I provided 2 samples of a 20 year old half rope to test. One had been left as tat at 1100m on Ben Nevis for about 8 months (including a winter) whilst the other stayed in my kit store. The discolouration/bleaching was obvious on the 'outdoor' sample. The 'indoor' sample broke at 8.6kn whilst the 'outdoor' sample went at a similar 8kn. However the creaking as the knots slipped on the latter made Mark suspicious that its exposure had caused it to become more brittle and lose a lot of its shock absorbing properties. It's not just the strength we are interested in if the kit could take a shock load. Its interesting to note that when rope is left as tat the sheath probably protects the core from weathering and UV whereas tape is open to more uniform exposure. As ever if you have any doubts, replace it with your own- you can always buy another sling/piece of cord.
 My 2 samples of rope

 After testing
Alloy and Steel Krabs were also destroyed showing common methods of failure, useful if consider how or where to mark gear.

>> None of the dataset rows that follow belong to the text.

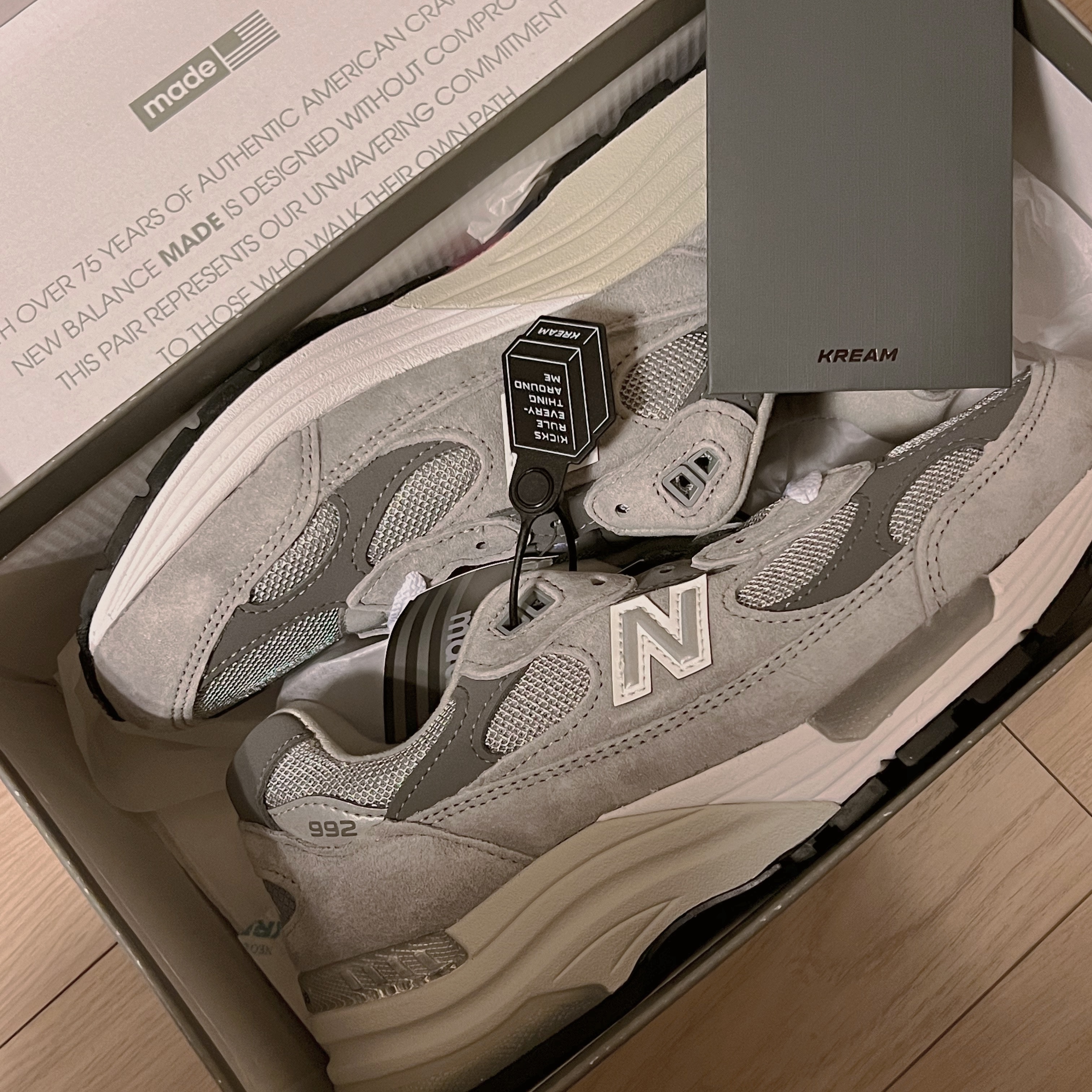 New Balance 992 Made in USA Grey - D Standard 착용 스타일 - 2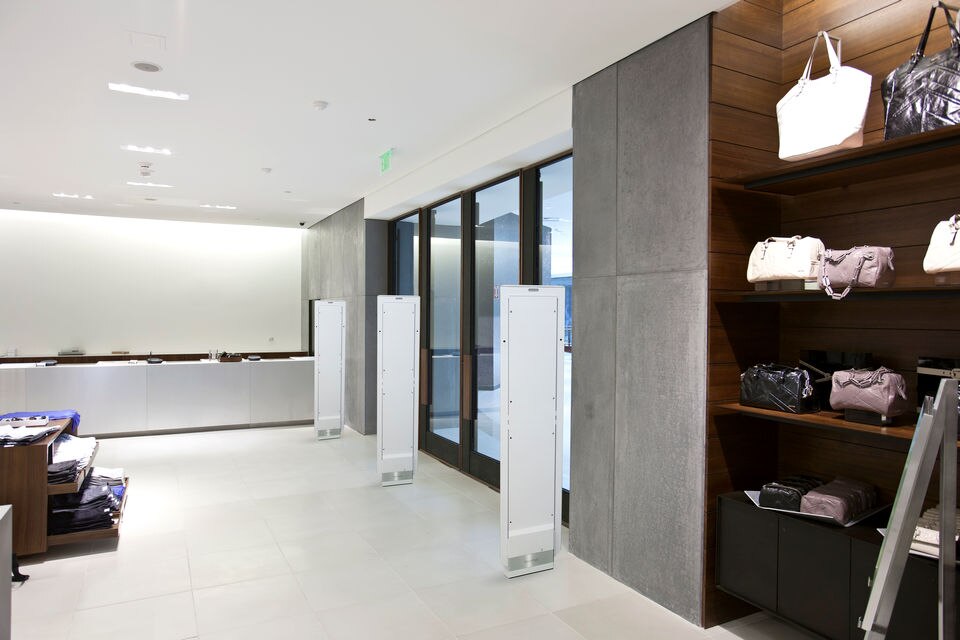 synergy system with rfid panels in retail environment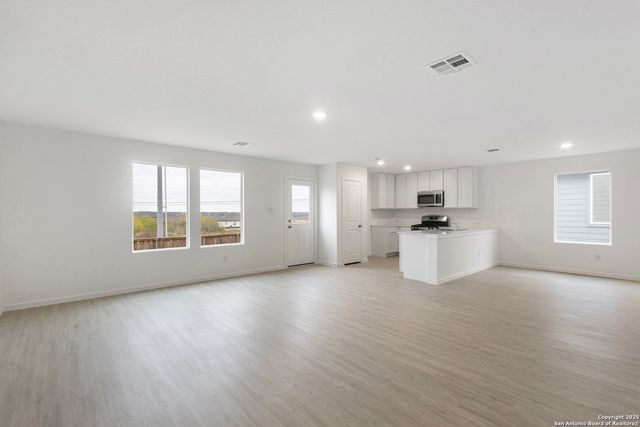 9203 Kinsel Park, Converse, TX 78109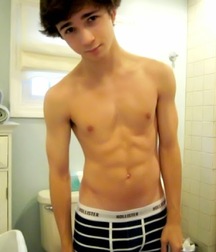 Boys in Underwear 10 5d99f5bf6822e.jpg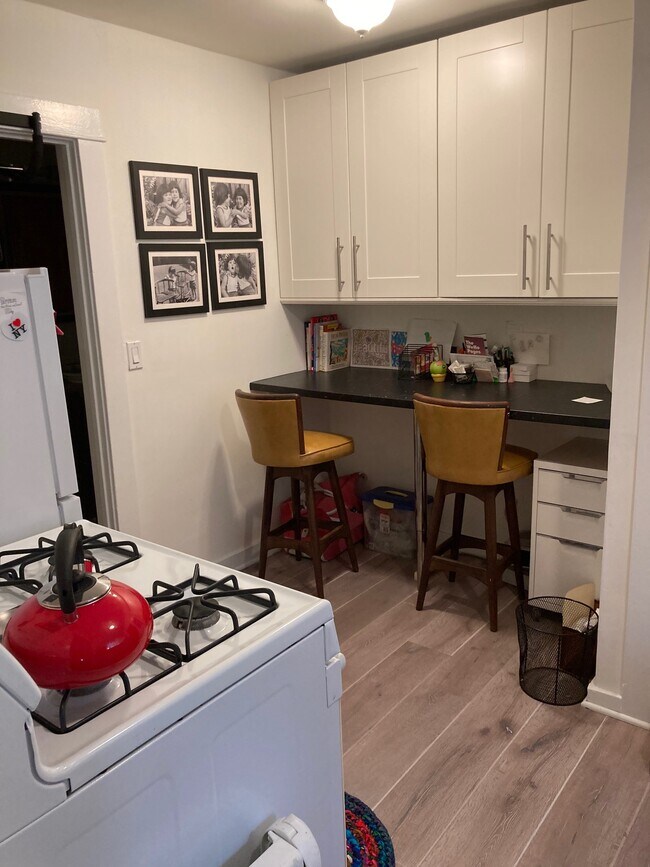 Kitchen - 8571 Rugby Dr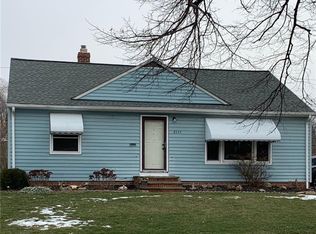 2155 E 290th St, Wickliffe, OH 44092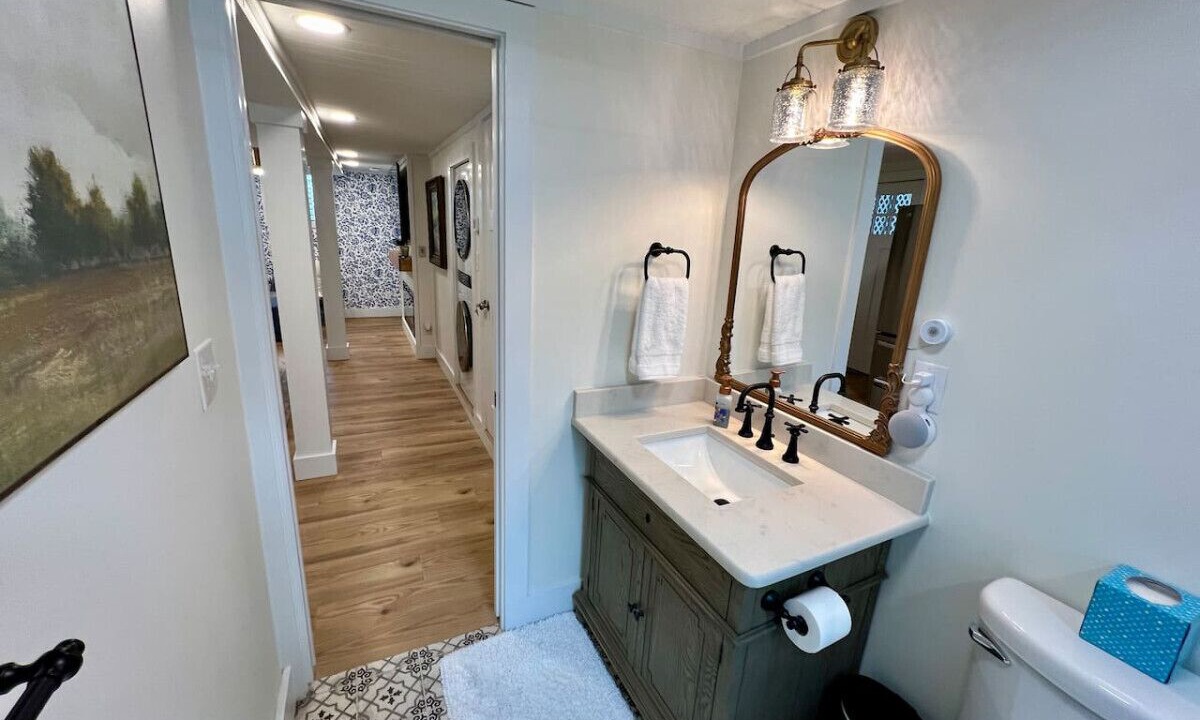 Photo of Bathroom in Albertville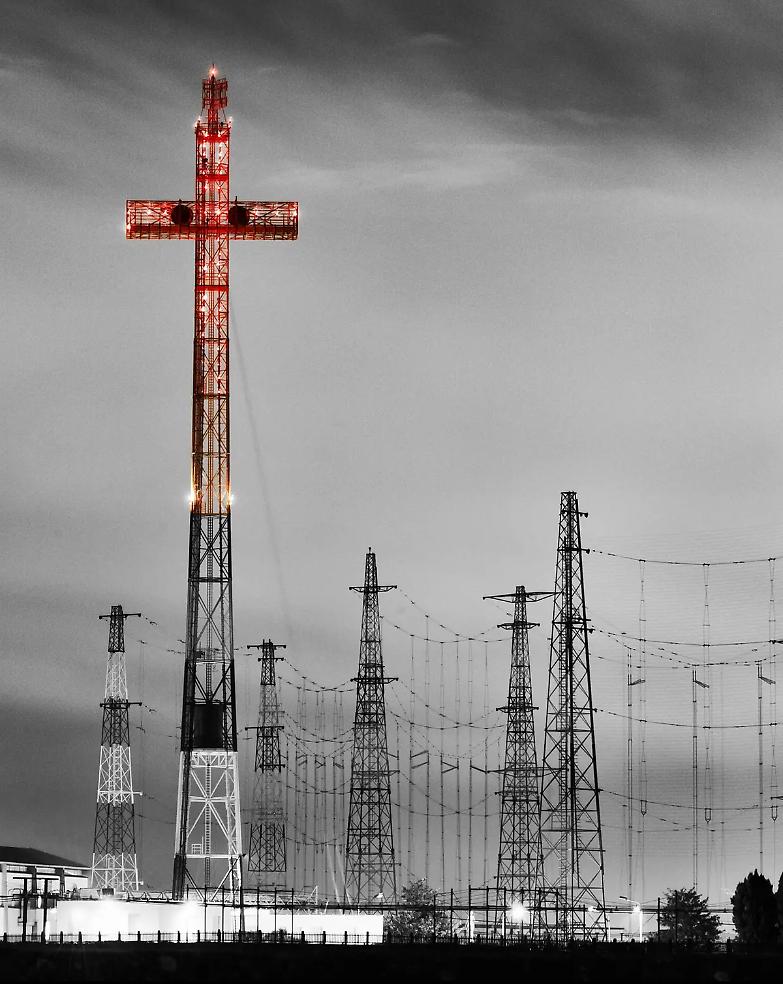 "The invisible word" le onde infernali di Radio Vaticana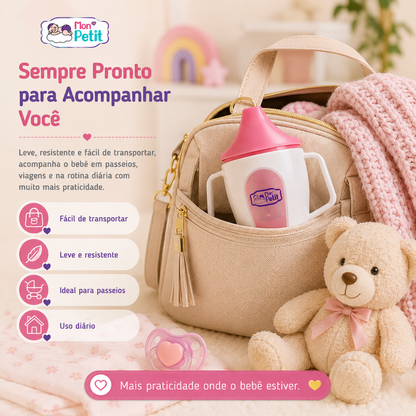 Copo de transição rosa e branco guardado no bolso lateral de uma mochila de maternidade bege, posicionado ao lado de um urso de peluche e de uma manta de malha.
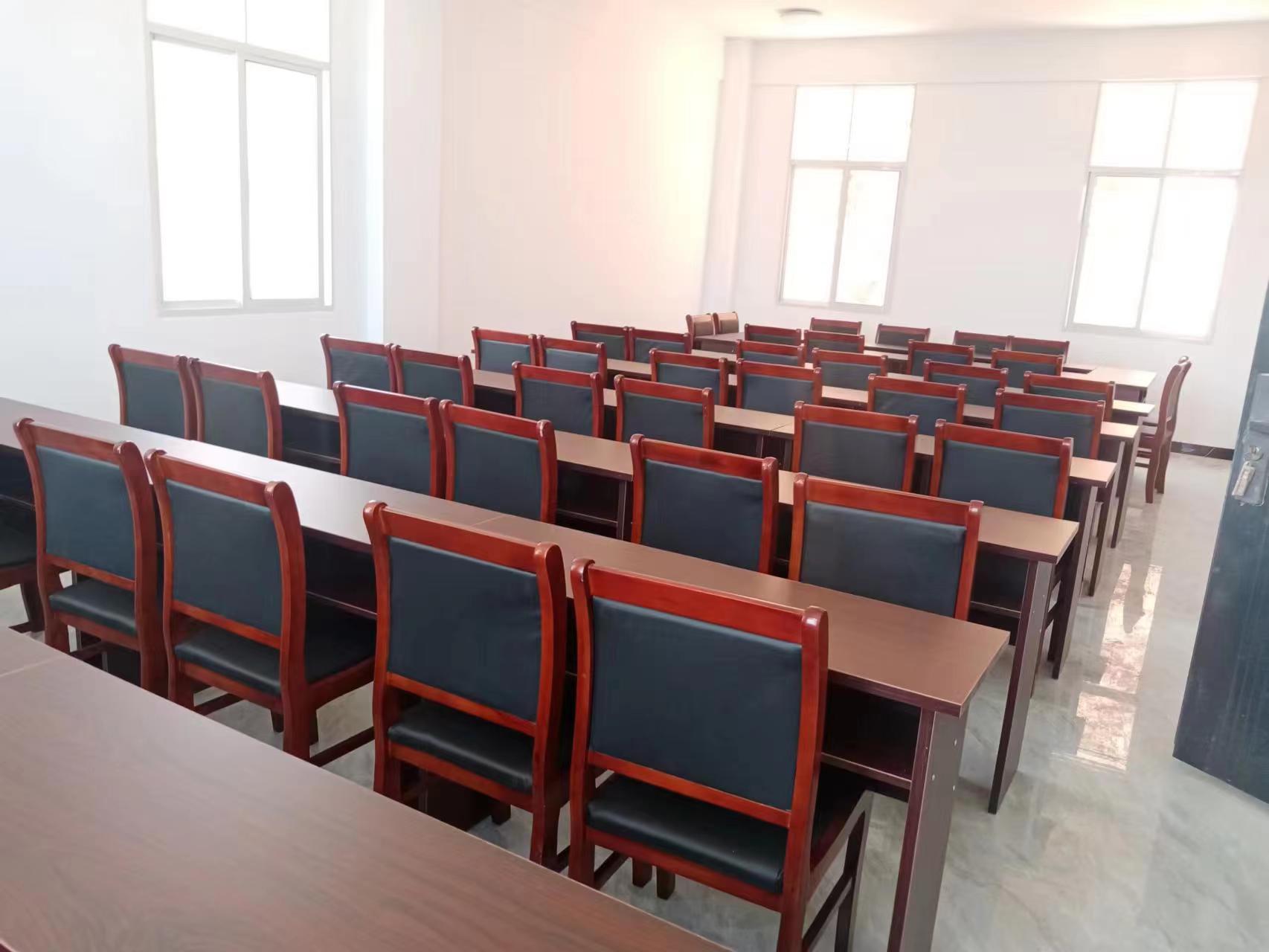 拖布卡鎮(zhèn)松坪村綜合性活動(dòng)場(chǎng)所項(xiàng)目完成驗(yàn)收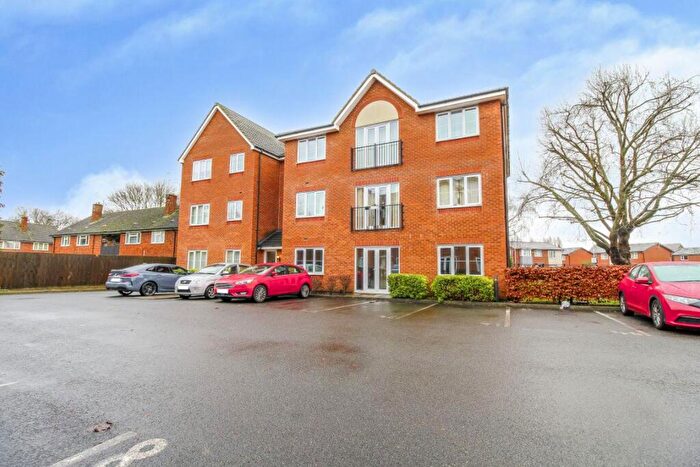 2 Bedroom Flat To Rent In Juniper House, Hassocks Close, Beeston, NG9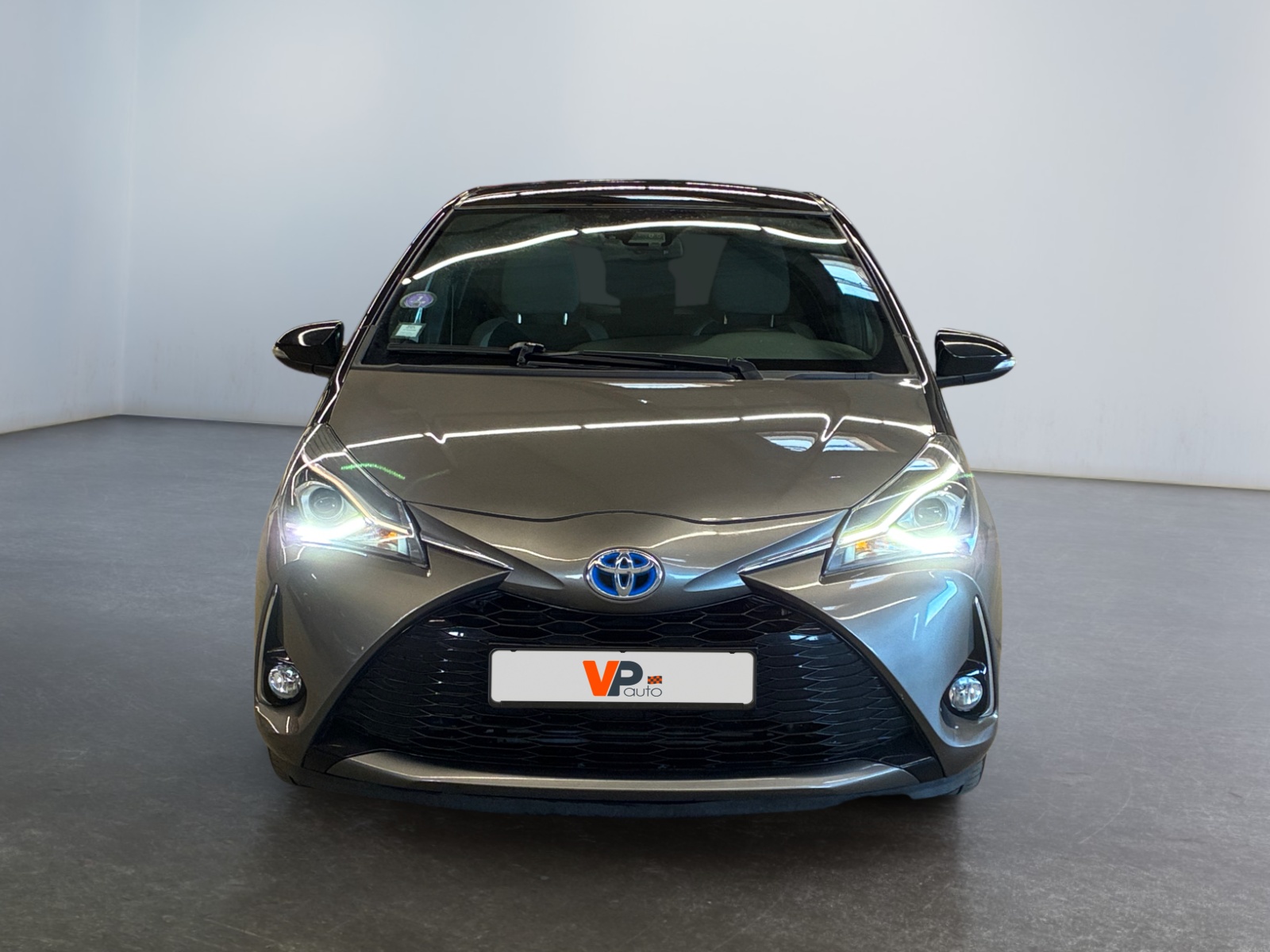 TOYOTA Yaris Hybride 100h Collection Collection 2018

 Alloy krab showing typical failure
 A session at the ropes demo board similar to the session I saw at Glenmore Lodge was a good reminder of why low impact force ropes can be a good thing and the power if the pulley effect.
 The Rope Forces Board
I also got to handle some samples of the Beal Gully Unicore 7.3mm ropes- now that's thin!
 Thin ropes!
Finally we looked at tensioned lines, often used for recreation and by Mountain Rescue Teams. The importance of not over tightening the lines and the use of different load limiters was discussed. 
Overall some really useful reminders and a couple of new wee gems of information for me during an excellent and interesting day with great hospitality from Lyon and Mark.